When life returned to normal, John Ware resumed his work at the Quorn Ranch. There, he ingratiated himself with both his fellow cowboys and his blue-blooded employers. According to an article in the June 23, 1885 issue of Fort Macleod‘s Macleod Gazette, “John is not only one of the best-natured and most obliging fellows in the country, but he is one of the shrewdest cow men, and the man is considered pretty lucky who has him to look after his interest. The horse is not running on the prairie which John cannot ride.”
Homestead
By the summer of 1885, John Ware divided much of his time between the Quorn Ranch and his own homestead on Sheep Creek. Earlier that spring, he registered a brand for his own cattle. The symbol he chose for his brand was ‘9999’, perhaps due to the fact that he could afford nine head of cattle at that time. Years later, Ware reduced his brand to ‘999’ out of concern that a four-digit brand was excessively painful for the cattle to which it was applied.

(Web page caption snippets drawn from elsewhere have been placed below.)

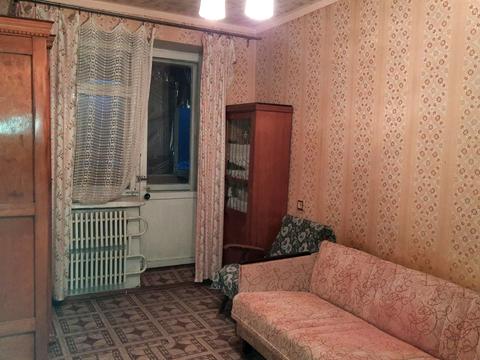 квартира по адресу Прогрессивная ул.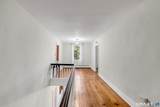 734 Old Main Street - Photo 18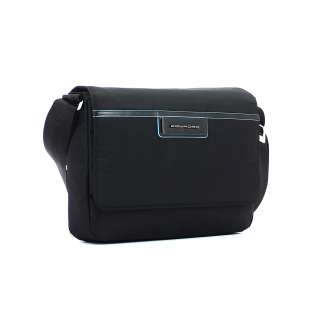 Piquadro CA2224CE / N 2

The winter of 1886 was disastrous for the ranchers of what would become Southern Alberta. Cattle starved to death on account of heavy snowfall which precluded access to their food. That winter, John Ware lost half his herd.
Marriage
In 1891, John Barter introduced John Ware to the Lewis family, a black family recently arrived in Calgary from Ontario. Ware immediately took a fancy to the Lewis’ eldest daughter, Mildred. That Christmas, Ware asked Mildred to be his wife. The young lady accepted the proposal, and the two were married on February 29, 1892, in Calgary’s First Baptist Church. An article in the Calgary Tribune claimed that “probably no man in the district has a greater number of warm personal friends than the groom.”

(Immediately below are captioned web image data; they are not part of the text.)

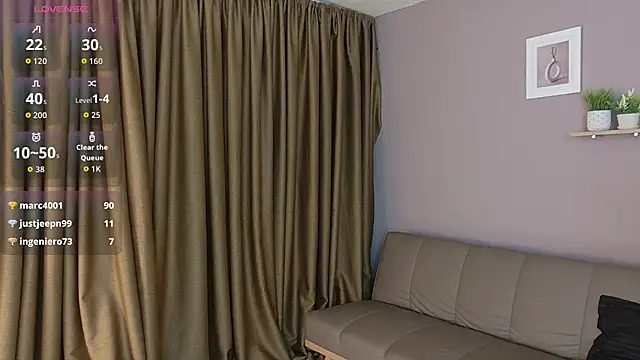 Breidyhard live sex cam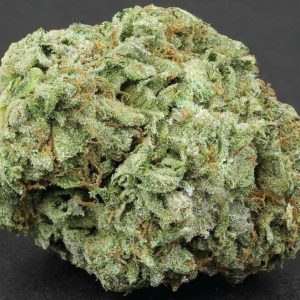 Death Bubba
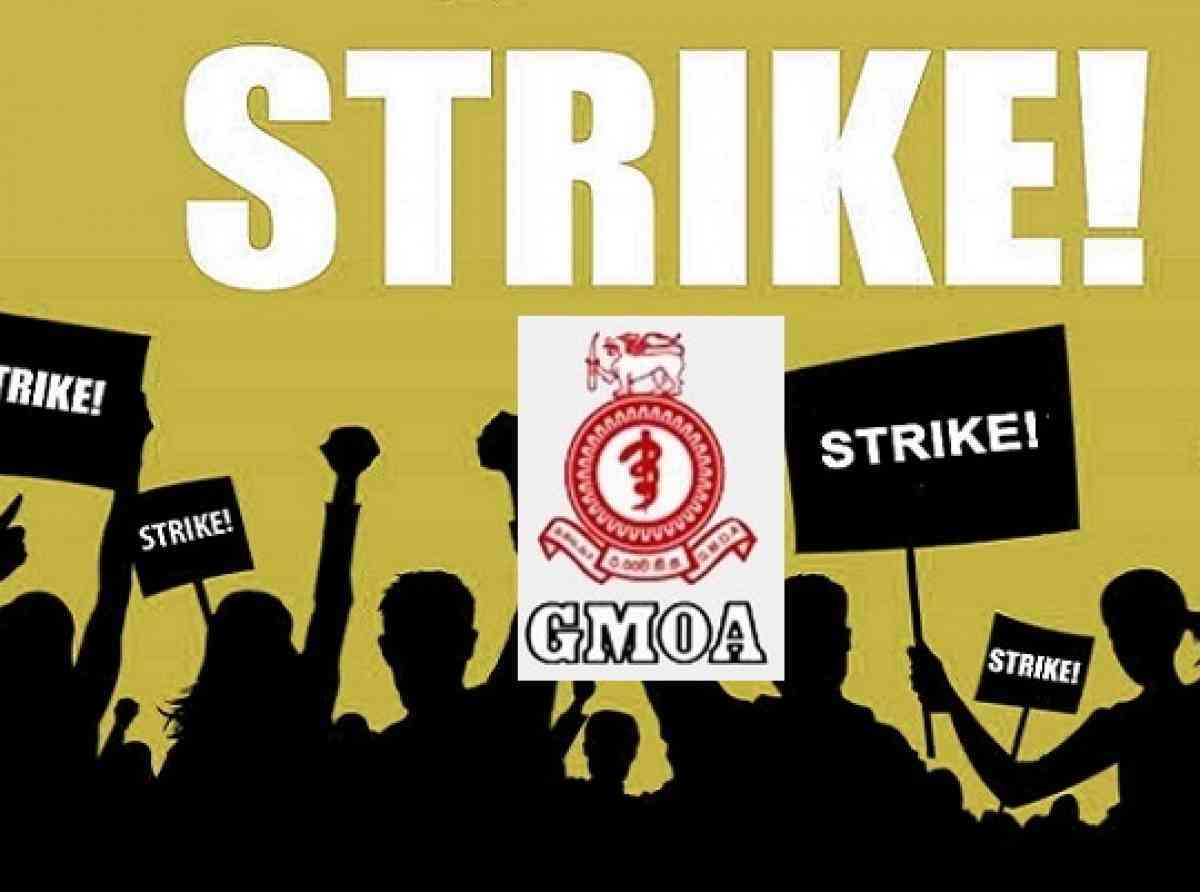 gmoa-strike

The following year, on March 9, 1893, Mildred gave birth to their first child, Amanda “Nettie” Janet. She was the first of five children John and Mildred had together.
Red Deer River
For nine happy years, John and Mildred raised their family on their ranch on Sheep Creek. The Ware family was well-liked by local ranchers, Mildred being a gracious hostess and John always willing to lend a helping hand to a neighbour in need.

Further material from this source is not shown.